For the data below, retype word for word the lines from the one containing "Now if Norm" through the one containing "Complete training is"; drop the pictures.

Provided entries below:

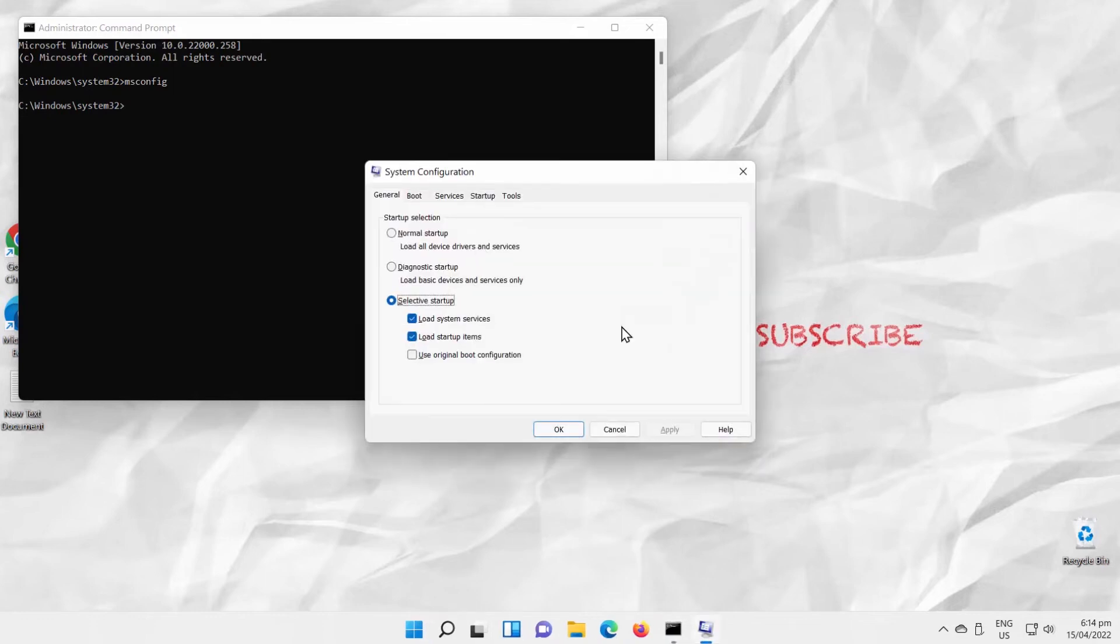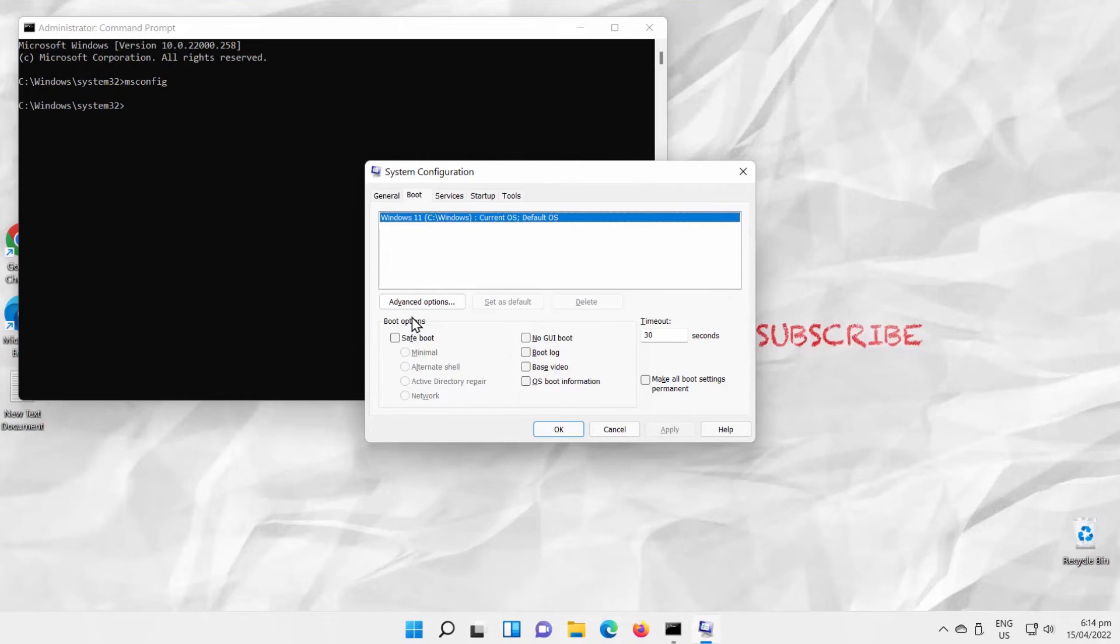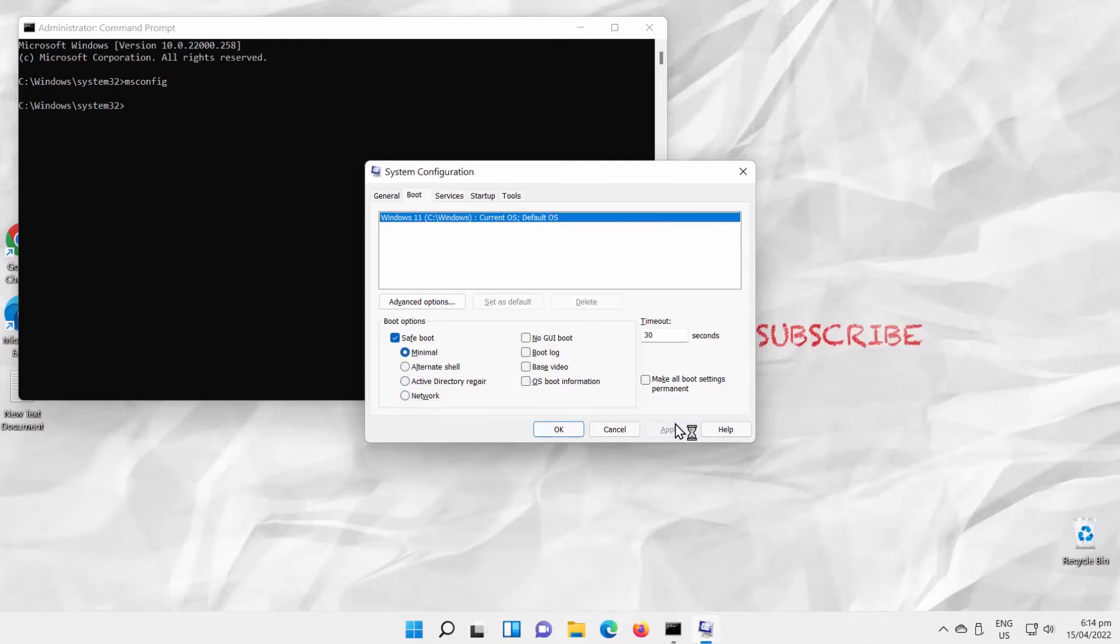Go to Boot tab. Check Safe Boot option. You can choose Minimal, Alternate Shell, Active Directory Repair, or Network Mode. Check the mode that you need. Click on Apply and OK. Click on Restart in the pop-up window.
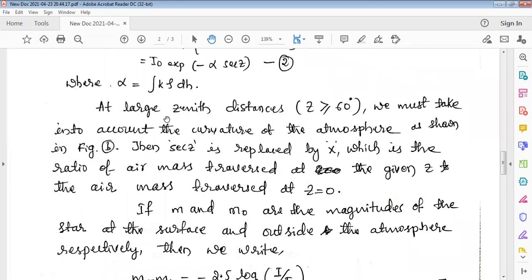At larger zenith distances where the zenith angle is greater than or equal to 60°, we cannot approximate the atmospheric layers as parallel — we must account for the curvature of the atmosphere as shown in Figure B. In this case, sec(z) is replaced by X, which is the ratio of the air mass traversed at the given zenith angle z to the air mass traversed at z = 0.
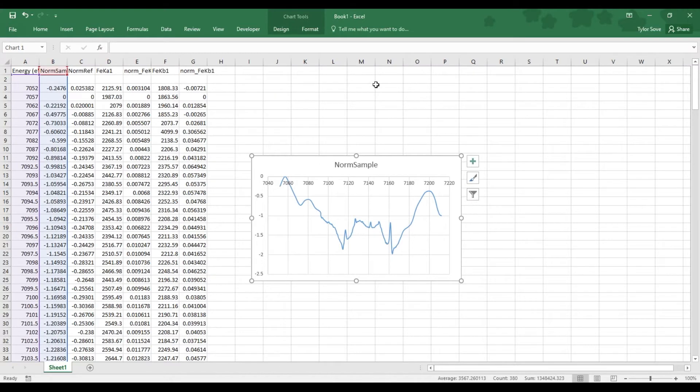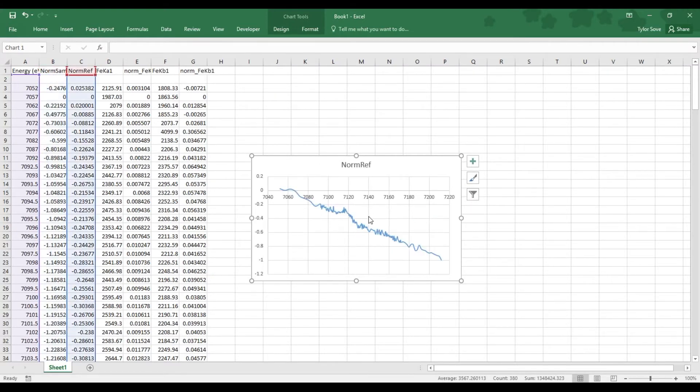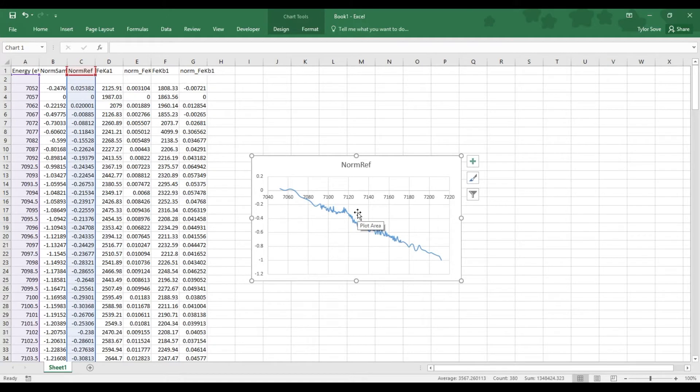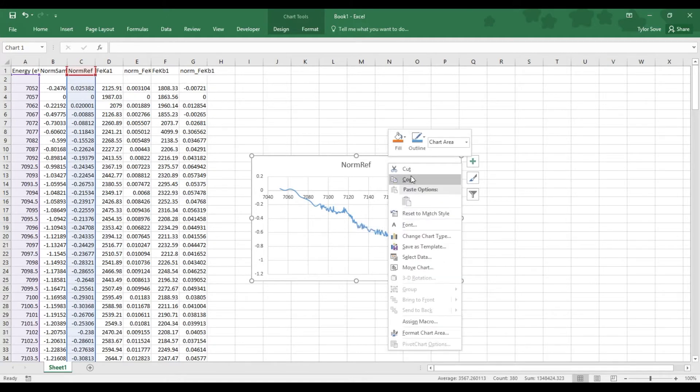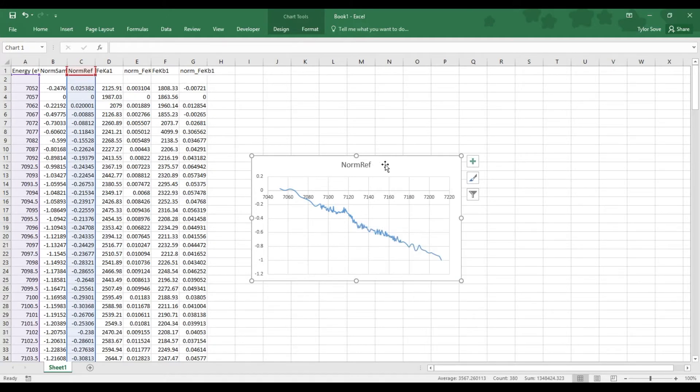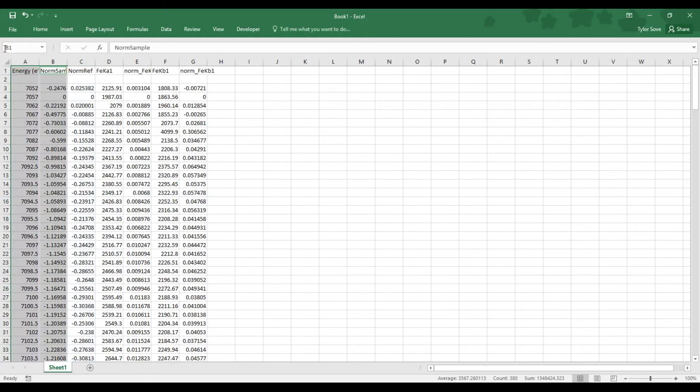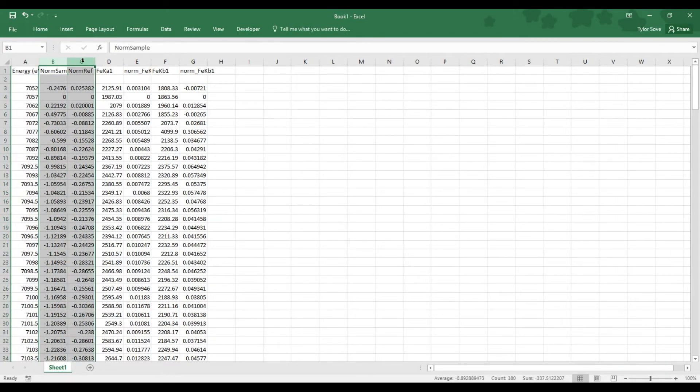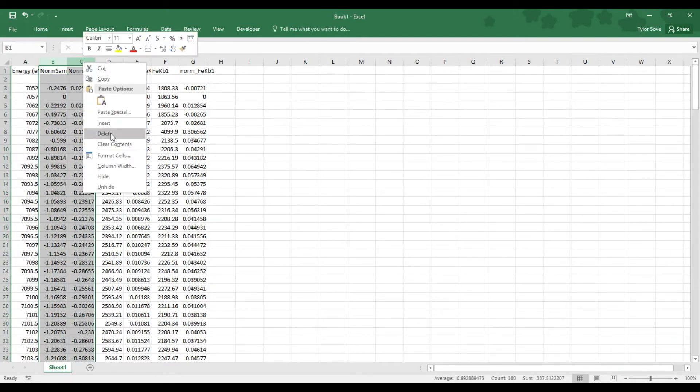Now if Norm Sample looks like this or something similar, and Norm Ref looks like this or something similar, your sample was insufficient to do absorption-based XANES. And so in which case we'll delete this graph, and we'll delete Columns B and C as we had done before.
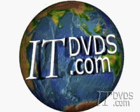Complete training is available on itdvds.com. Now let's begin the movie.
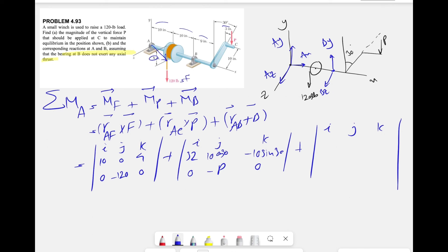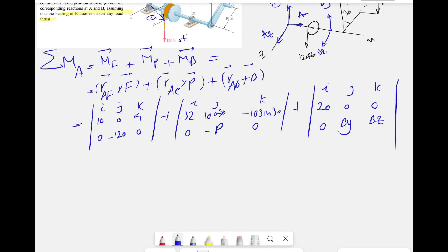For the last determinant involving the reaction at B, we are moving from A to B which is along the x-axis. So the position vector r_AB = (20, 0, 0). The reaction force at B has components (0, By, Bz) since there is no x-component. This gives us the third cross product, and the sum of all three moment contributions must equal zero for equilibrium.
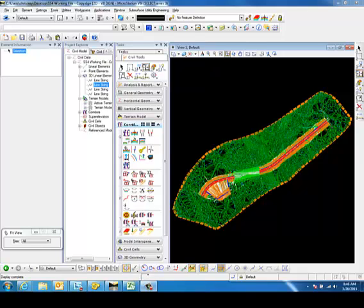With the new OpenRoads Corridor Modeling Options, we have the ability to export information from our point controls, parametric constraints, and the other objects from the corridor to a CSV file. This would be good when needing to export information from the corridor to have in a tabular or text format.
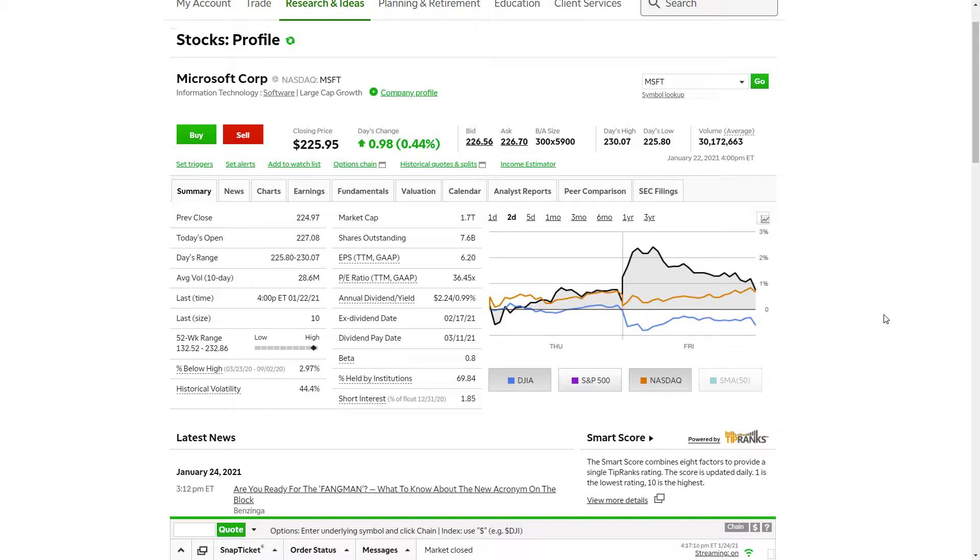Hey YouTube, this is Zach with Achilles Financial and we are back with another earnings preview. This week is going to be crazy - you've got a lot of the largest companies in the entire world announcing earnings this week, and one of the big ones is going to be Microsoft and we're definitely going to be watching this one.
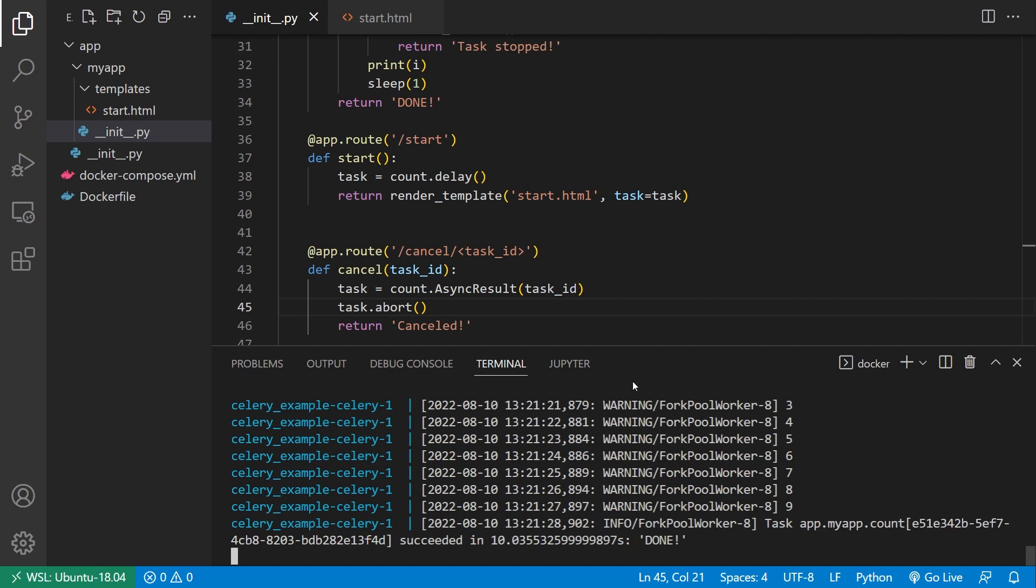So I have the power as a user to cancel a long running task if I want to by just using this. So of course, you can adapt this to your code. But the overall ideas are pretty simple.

End of Provided entries.

> [Result of the exercise]:
Now if Norm Sample looks like this or something similar, and Norm Ref looks like this or something similar, your sample was insufficient to do absorption-based XANES. And so in which case we'll delete this graph, and we'll delete Columns B and C as we had done before.
Complete training is available on itdvds.com. Now let's begin the movie.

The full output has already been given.